Please copy the data exactly as it stands, minus the images.

Provided material
☆ ☆ ☆ ☆

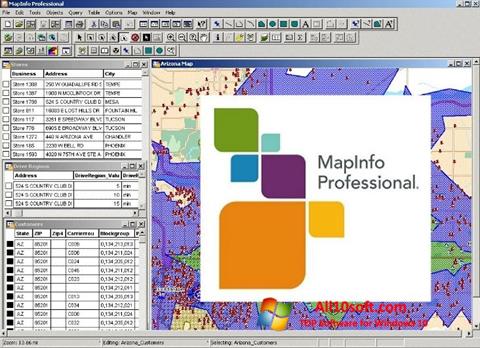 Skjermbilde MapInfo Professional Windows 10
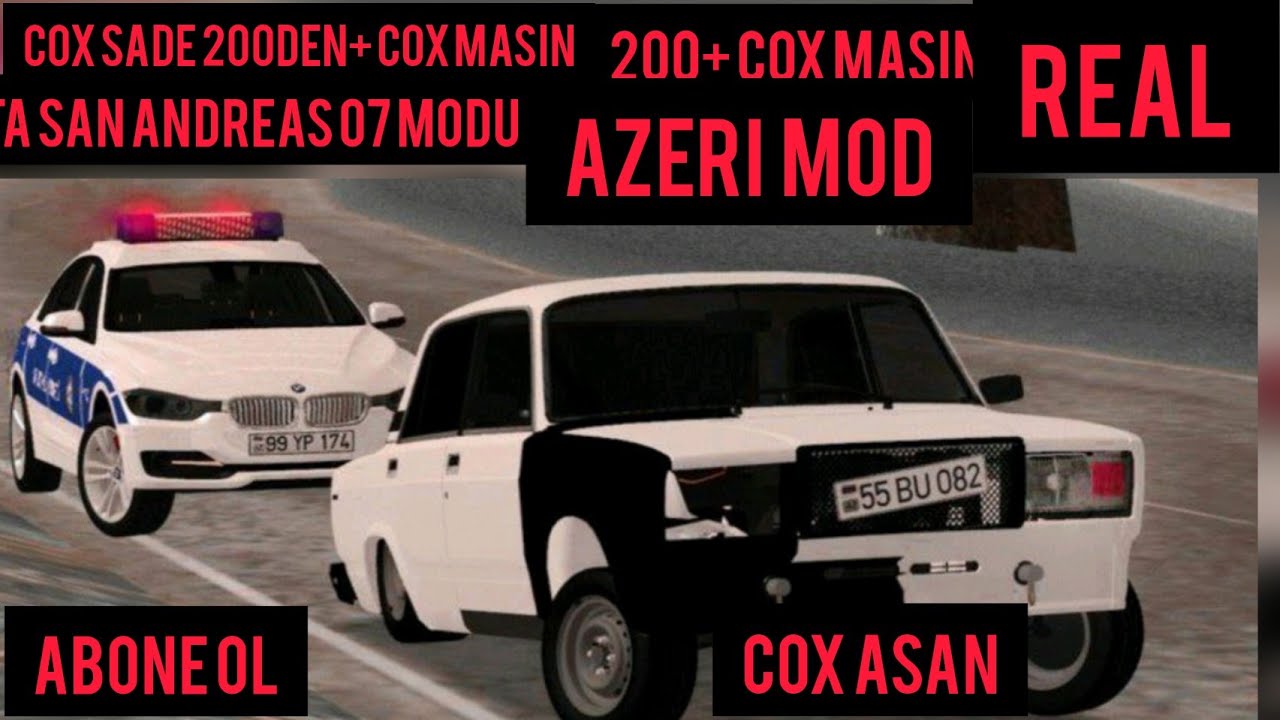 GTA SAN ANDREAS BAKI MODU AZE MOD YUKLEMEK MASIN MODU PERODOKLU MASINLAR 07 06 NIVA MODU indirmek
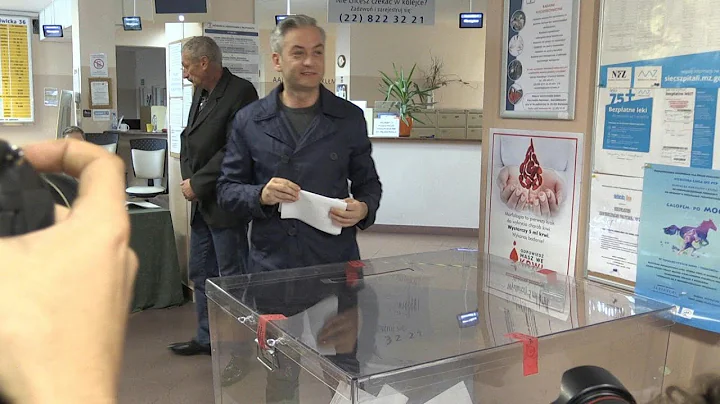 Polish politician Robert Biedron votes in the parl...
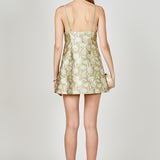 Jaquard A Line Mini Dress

☆ ☆ ☆ ☆

Result of the exercise
 Skjermbilde MapInfo Professional Windows 10
 GTA SAN ANDREAS BAKI MODU AZE MOD YUKLEMEK MASIN MODU PERODOKLU MASINLAR 07 06 NIVA MODU indirmek
 Polish politician Robert Biedron votes in the parl...
 Jaquard A Line Mini Dress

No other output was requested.